In the case of sessions there is this whole dynamic of - who is the leader, what do they play, how do I join in etc etc which adds enough stress for most visitors or beginners to make the experience very fraught. Then there is the issue of dealing with over-confident visitors, or inappropriate instruments etc.

 

Wouldn't it be nice if you could hand out a little piece of paper to visitors.

 

I've created below the sort of thing I mean - loosely based on a fictitious session not unlike one I go to locally...

 

"Welcome to our Friday session. Bob, the guy with the beard is our session lead.

 

Here are a few ground rules which we use to help visitors understand how we make the evening enjoyable for ourselves.

 

Mostly we like what is loosely called traditional music. As we are in Scotland many of the tunes we play are Scottish, though a few English and Irish tunes and even transatlantic tunes creep in.

 

We like to play tunes we know, at an easy pace and sometimes work a tune round a few times so that we all get used to it.

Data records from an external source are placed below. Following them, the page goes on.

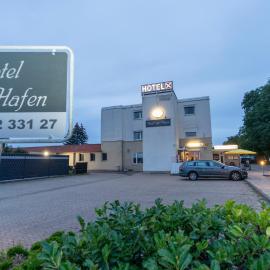 Braunschweig में, होटल Hotel am Hafen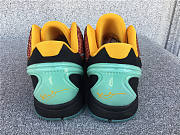 Nike Kobe 6 ASG Orange County Sunset 448693-800 - 5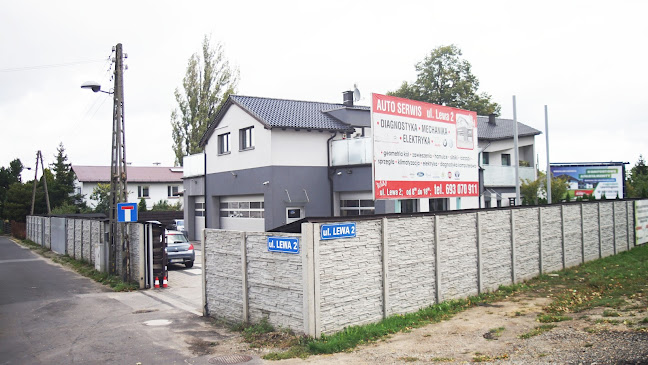 Opinie o Auto-Aleksander Serwis na Lewej w Wrocław - Mechanik samochodowy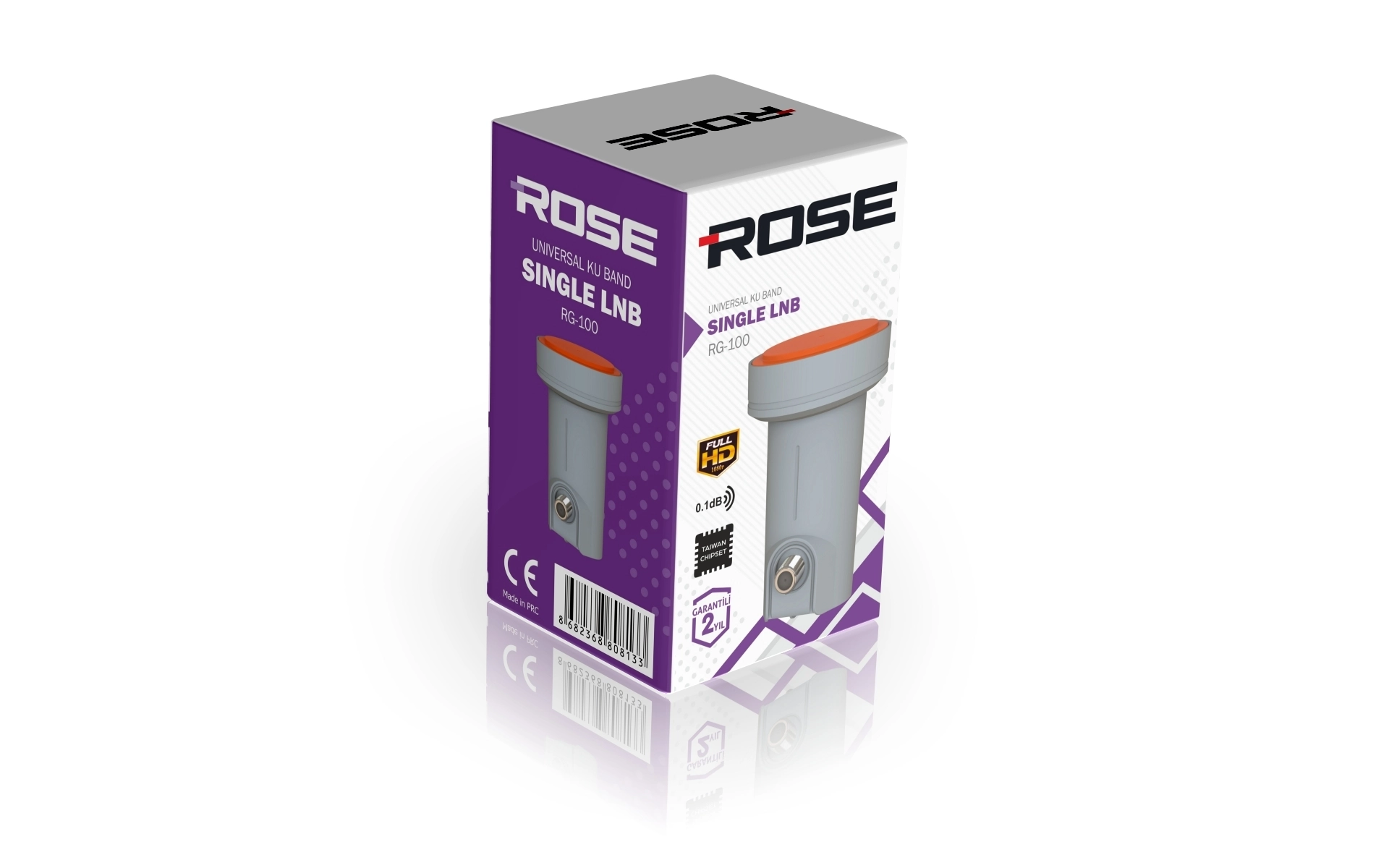 ROSE 2 Lİ LNB RG 200 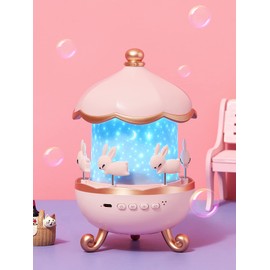 Star Projector for Kids Toys,15 Films Star Lights for Ceiling Projector +15 Sleep Sounds Machine Baby Night Lamp,Remote Timer Cute Pink Nursery Lamp,Exquisite Gifts for Kids Baby Girl Gifts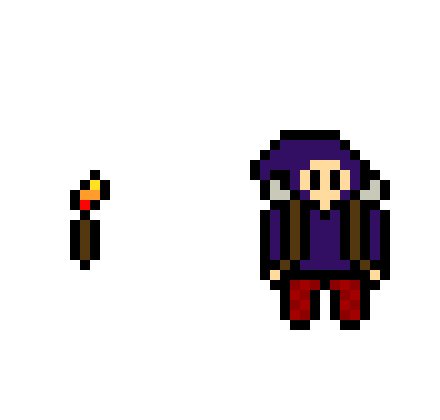 [7c1fbd] echoes of the hollow sun plyr+torch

This can be very enjoyable.

 

Sometimes a member of the group will tell a tale, recite a poem or sing a solo song or even a chorus chanty for us all to join in.

 

Beginning musicians can join in but should play quietly along and not expect to be able to play all the time. If you can’t pick up a tune – don’t play it with a bunch of wrong notes.

 

If you are a visitor, rather than jump in with a tune which may not be appropriate, why not sit and wait, listening to the music before jumping in. Feel free to introduce yourself at a pause. Our leader will likely invite you to play something before too long.

 

Not everything played at our sessions is for joining in, many of our players like to play slow airs and solo pieces. Give them the respect and silence they need for these.

 

Sometimes we will play “Whiskey in the Jar” or “House of the rising sun.” for more than a few minutes, this is a chance for anyone, however much a beginner to join in the fun. If you have been nervous of playing or joining in, now is your chance. Don’t fear the wrong notes.

 

If you are a piper, or accordion player, be aware that your instrument can become tiresome to many of our members if you play many sets of tunes one after another. Go easy.

 

Unusual instruments are unusual for a reason, we like to see and hear them for a short while, but not all through the session.

 

A bodhran, if played sensitively and with restraint can add a pleasant percussive rythym to many tunes. Not all of them though.

 

Welcome ! "

 

Is this a way to get over session snobbery?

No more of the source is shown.